Is this so different from selling someone a car, a cell phone, a video game
console, etc.?

 _What if I beat my wife nightly and she takes off one day into hiding, taking
our Kindle with her? Am I legally allowed to recover any location or usage
information (assuming it contains that, like a Fire) to teach her a lesson
that leaving me is a bad choice?_

You are attempting to confuse a pretty simple issue of property rights by
throwing some over-the-top moral issues and potentially bad outcomes into the
mix, as if either the morals or the outcomes have a bearing on the property
rights situation or the law. You might as well say "What if I steal a Kindle
from Adolf Hitler? Should he be allowed to track me down?" The way things
"should" be doesn't have a lot to do with this.
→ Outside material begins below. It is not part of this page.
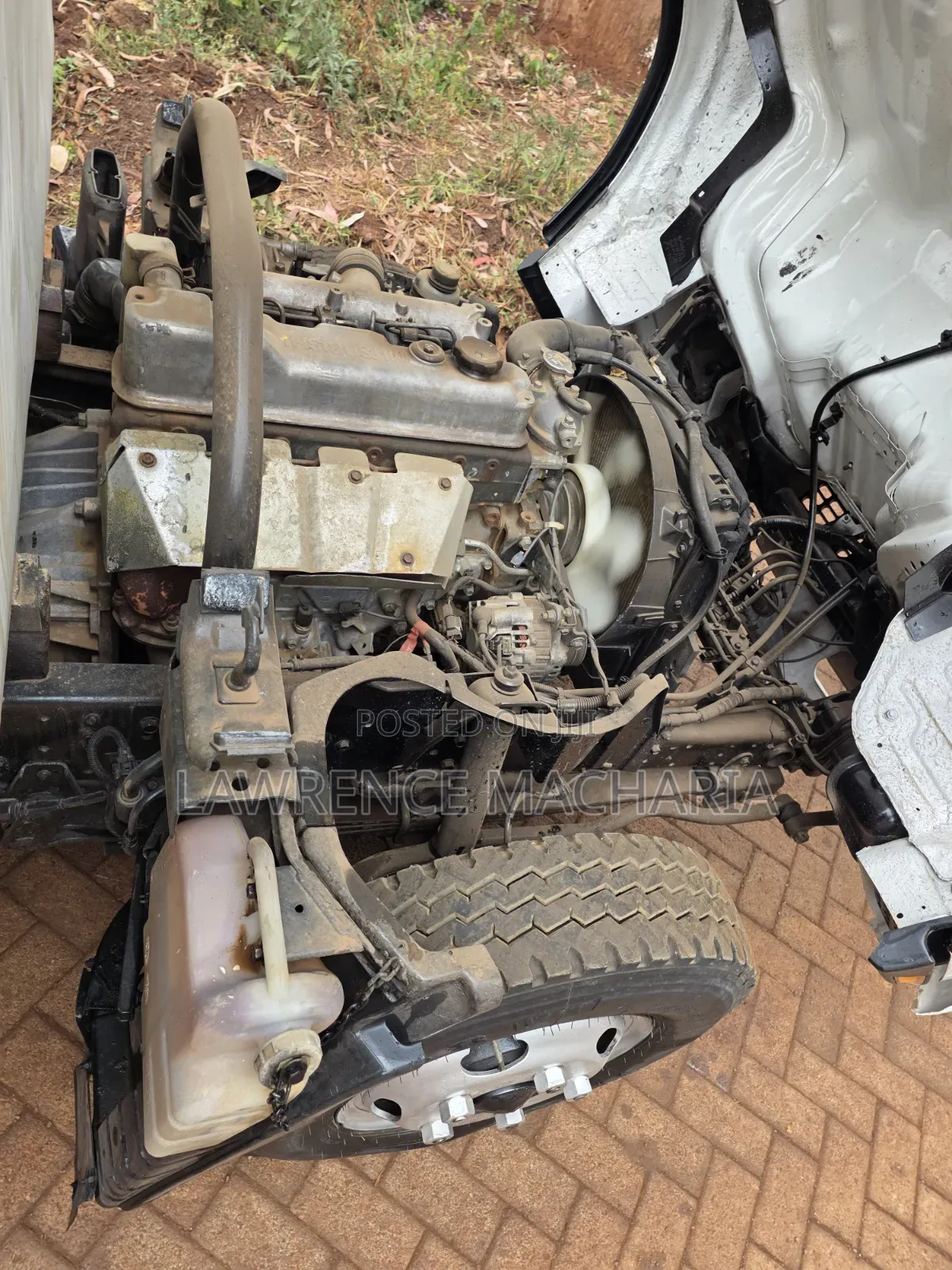 Mitsubishi Fuso Canter 2014 White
In any case, if your abused wife took off with your LoJack or OnStar equipped
car, I would expect the theft recovery people would, you know, recover the
theft. They wouldn't ask you if you had stopped beating your wife first. They
wouldn't first tell you to get the cops involved, then tell you they actually
required a court order, then tell you that all data related to your car had
been lost.

For a relatively low-value item like a Kindle, perhaps it would have been a
fair compromise to tell the owner "Sorry, all we can do is ban the unit from
the Amazon network." But that's not what happened in this story.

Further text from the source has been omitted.